Each line from the one with "Hotwheels 70 Chevelle" through the end of the records below should be transcribed exactly, and each picture should be skipped.

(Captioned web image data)
Content starts

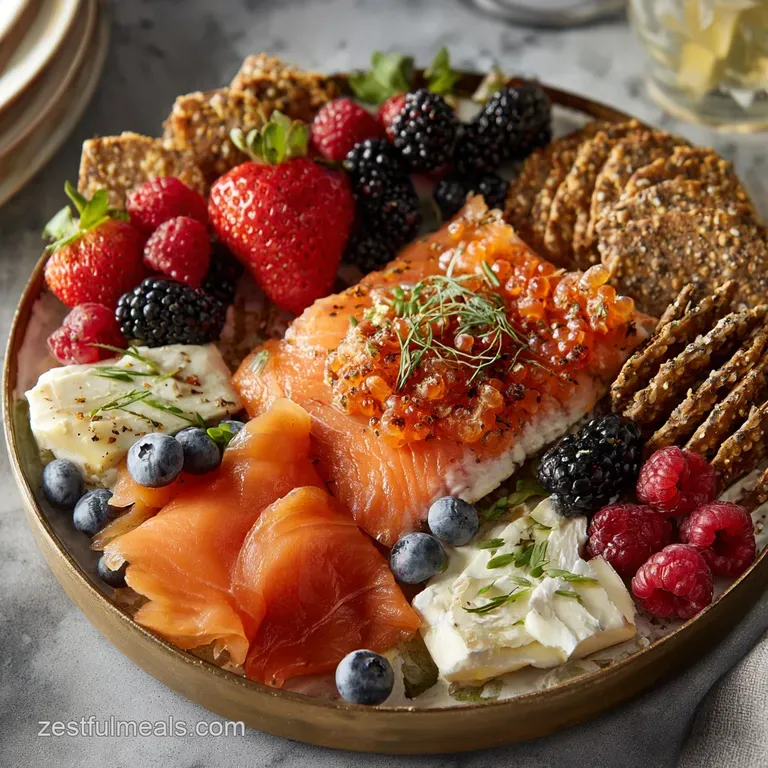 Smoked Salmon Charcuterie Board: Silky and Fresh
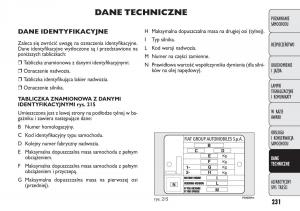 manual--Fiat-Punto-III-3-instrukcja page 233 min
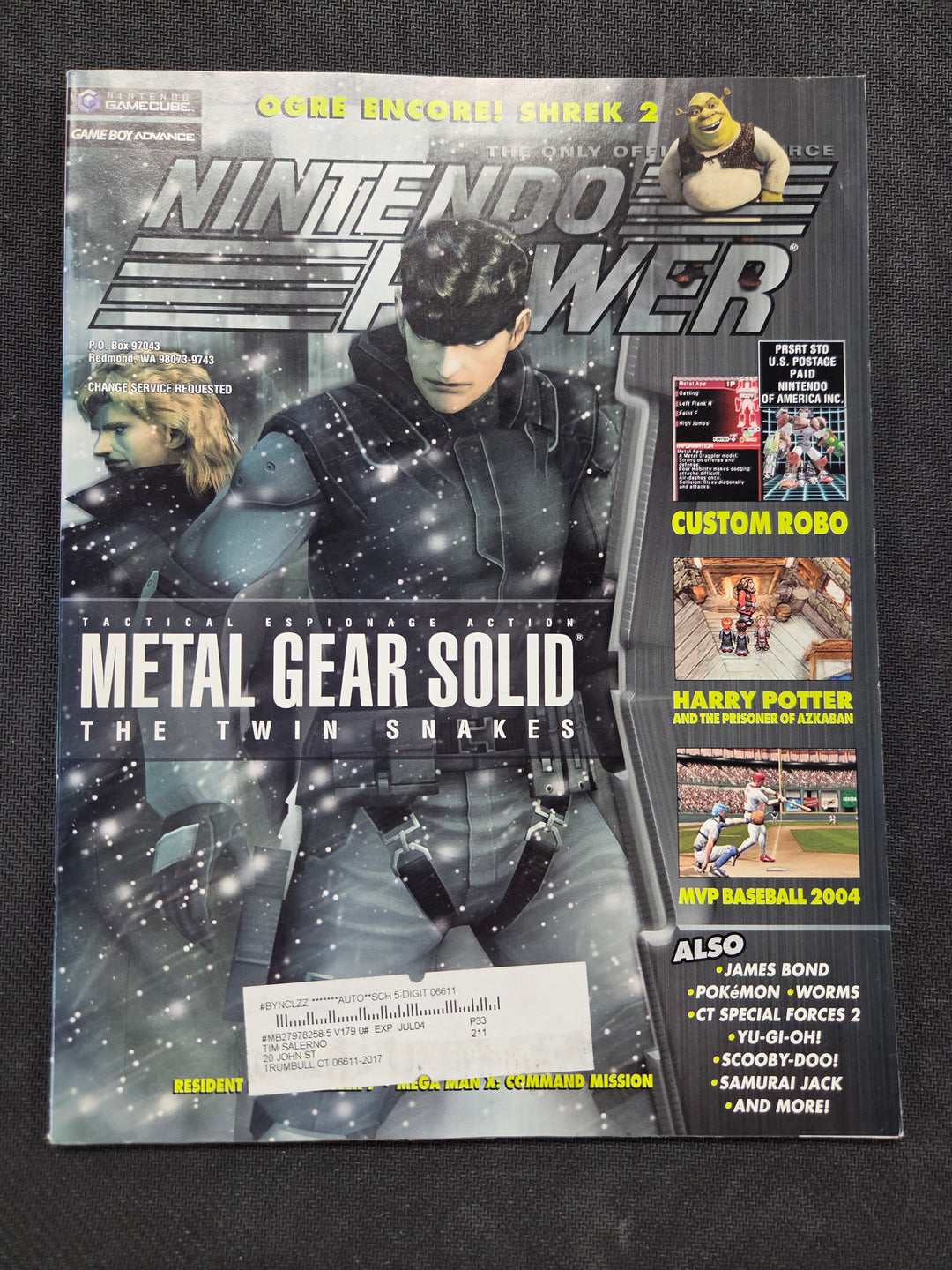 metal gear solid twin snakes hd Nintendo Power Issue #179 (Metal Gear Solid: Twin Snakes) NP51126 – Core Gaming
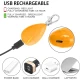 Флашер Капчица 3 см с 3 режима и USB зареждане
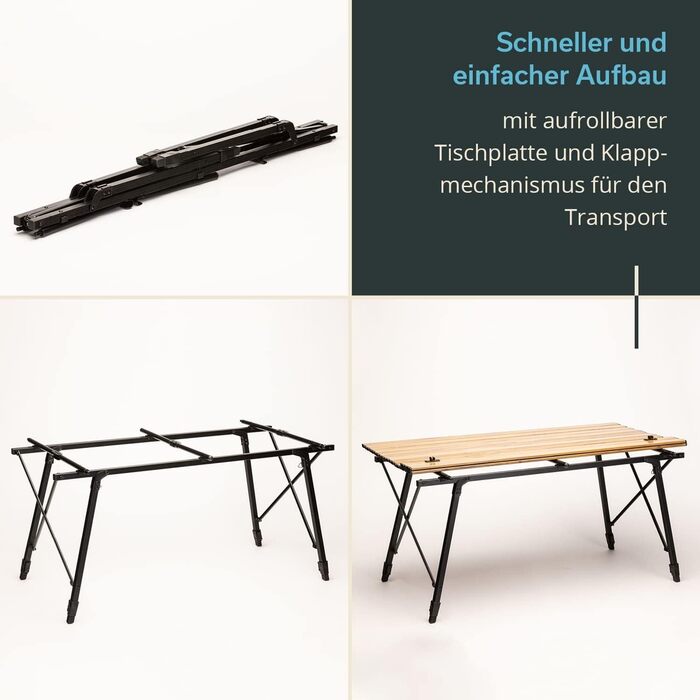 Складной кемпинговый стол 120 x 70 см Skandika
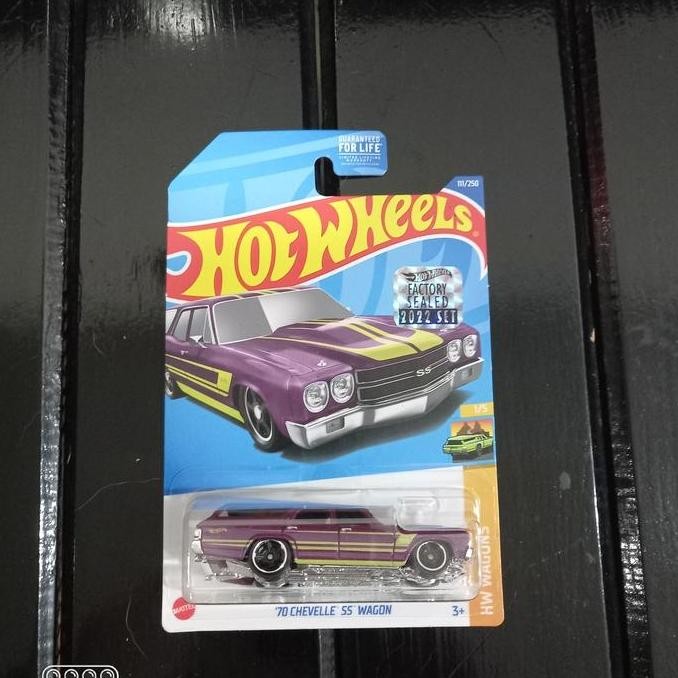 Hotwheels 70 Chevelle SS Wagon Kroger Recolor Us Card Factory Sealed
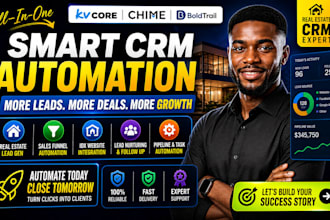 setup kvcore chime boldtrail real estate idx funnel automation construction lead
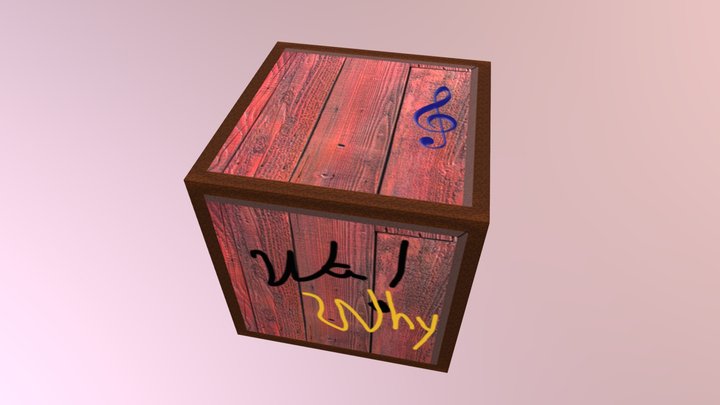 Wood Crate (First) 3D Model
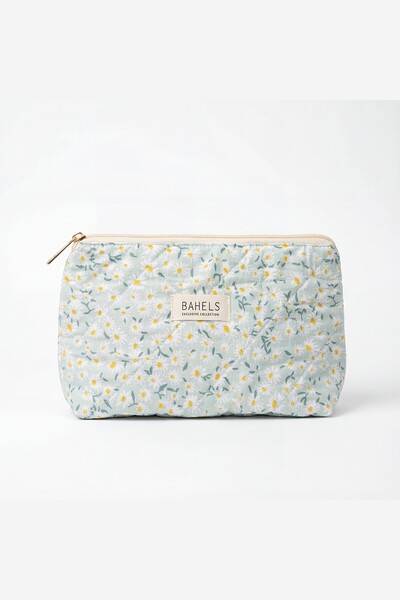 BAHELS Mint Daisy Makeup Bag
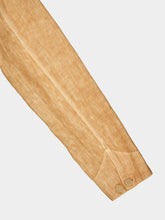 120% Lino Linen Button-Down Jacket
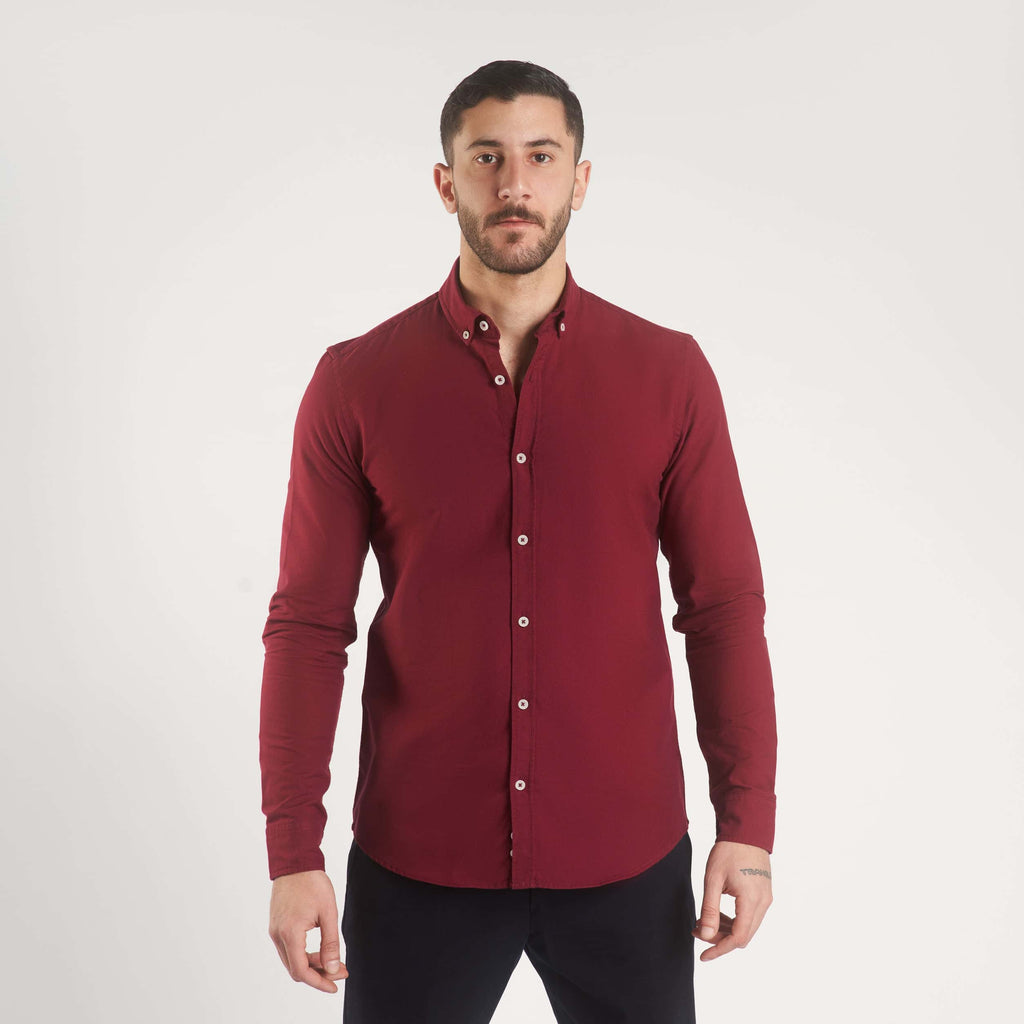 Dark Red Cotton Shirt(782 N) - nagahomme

Content ends

> **Result**:
 Hotwheels 70 Chevelle SS Wagon Kroger Recolor Us Card Factory Sealed
 setup kvcore chime boldtrail real estate idx funnel automation construction lead
 Wood Crate (First) 3D Model
 BAHELS Mint Daisy Makeup Bag
 120% Lino Linen Button-Down Jacket
 Dark Red Cotton Shirt(782 N) - nagahomme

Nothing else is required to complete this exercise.